--- Information supplied Enclosed Below ---
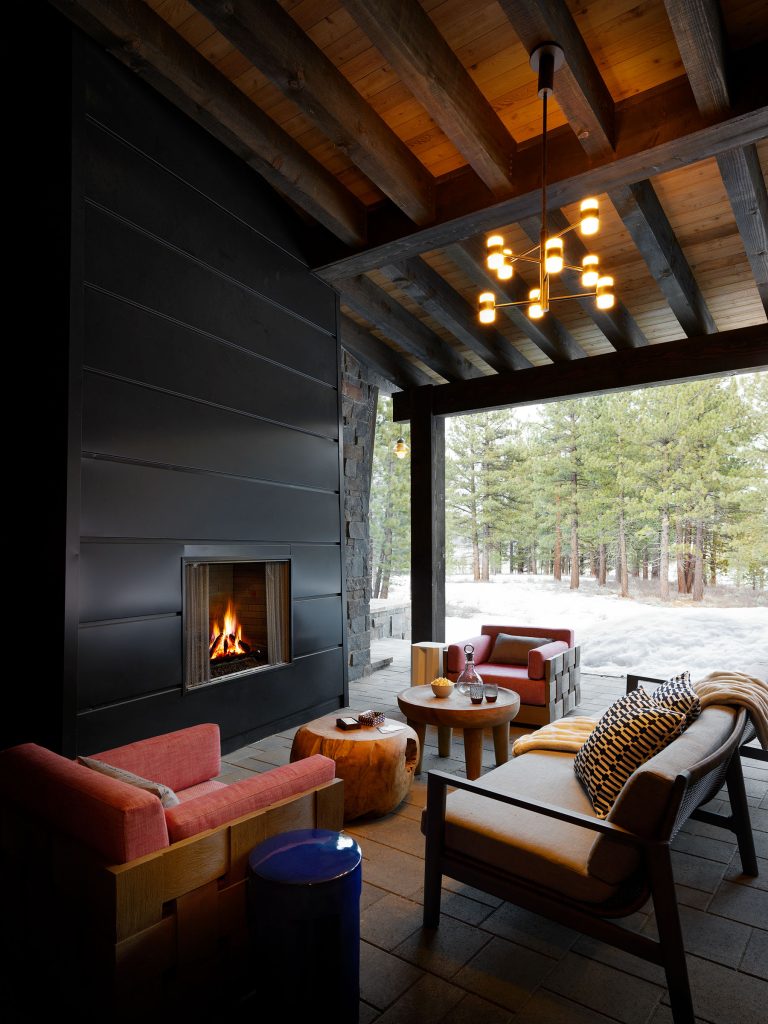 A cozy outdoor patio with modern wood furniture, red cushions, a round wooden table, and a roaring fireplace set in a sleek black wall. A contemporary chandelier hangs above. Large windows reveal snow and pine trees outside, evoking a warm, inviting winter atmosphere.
--- End of Enclosed Information supplied ---
--- Information supplied Enclosed Below ---
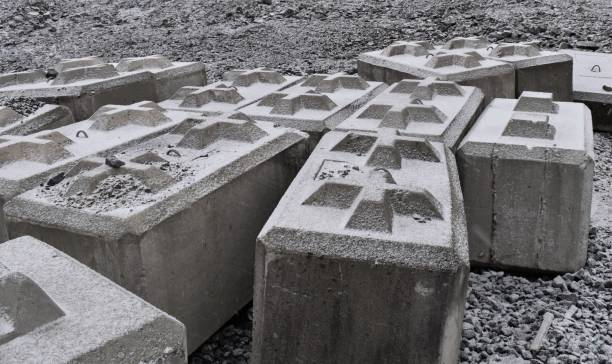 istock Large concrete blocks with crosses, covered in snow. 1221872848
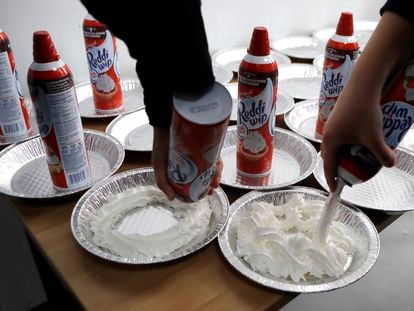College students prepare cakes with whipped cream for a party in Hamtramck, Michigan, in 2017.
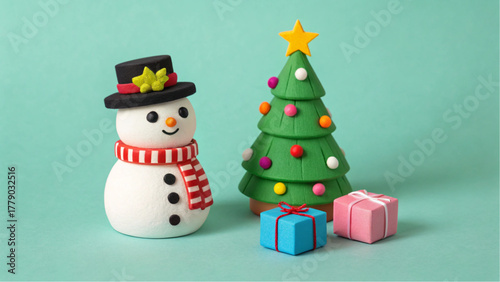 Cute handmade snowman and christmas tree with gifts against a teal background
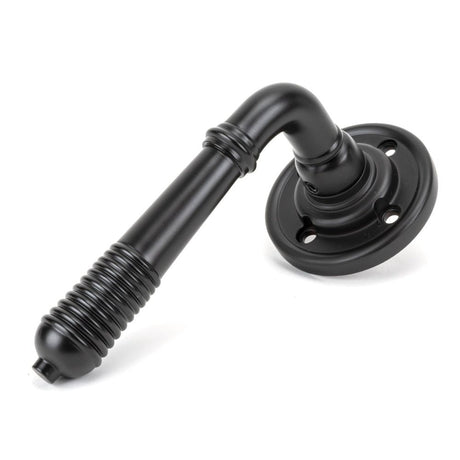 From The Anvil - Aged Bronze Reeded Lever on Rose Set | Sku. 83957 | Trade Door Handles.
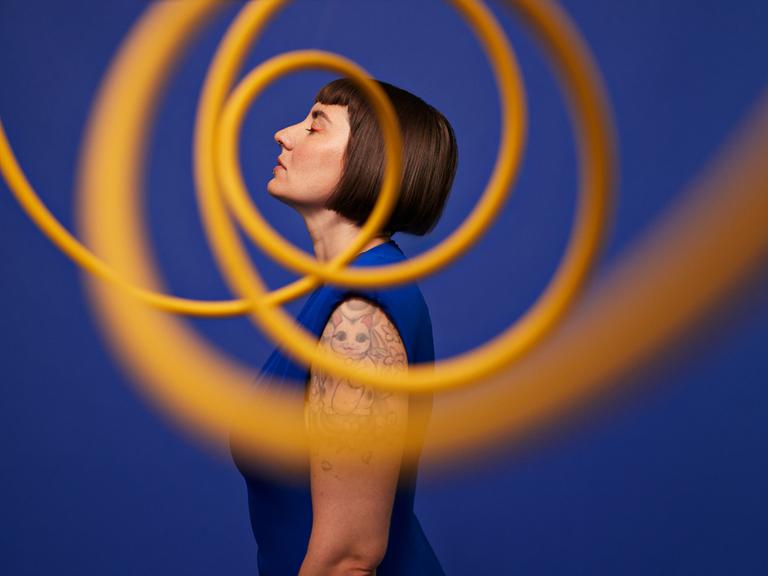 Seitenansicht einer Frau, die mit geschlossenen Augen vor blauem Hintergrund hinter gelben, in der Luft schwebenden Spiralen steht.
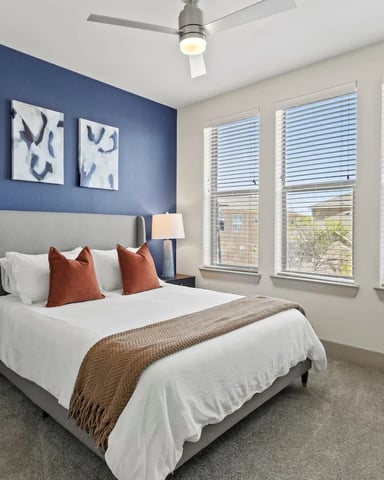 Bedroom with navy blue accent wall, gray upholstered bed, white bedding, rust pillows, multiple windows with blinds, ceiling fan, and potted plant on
--- End of Enclosed Information supplied ---
*Exercise:* With the pictures omitted, print the lines above exactly, beginning at the line with "From The Anvil" and going on through the line with "Bedroom with navy".

*Answer for this exercise:*
 From The Anvil - Aged Bronze Reeded Lever on Rose Set | Sku. 83957 | Trade Door Handles.
 Seitenansicht einer Frau, die mit geschlossenen Augen vor blauem Hintergrund hinter gelben, in der Luft schwebenden Spiralen steht.
 Bedroom with navy blue accent wall, gray upholstered bed, white bedding, rust pillows, multiple windows with blinds, ceiling fan, and potted plant on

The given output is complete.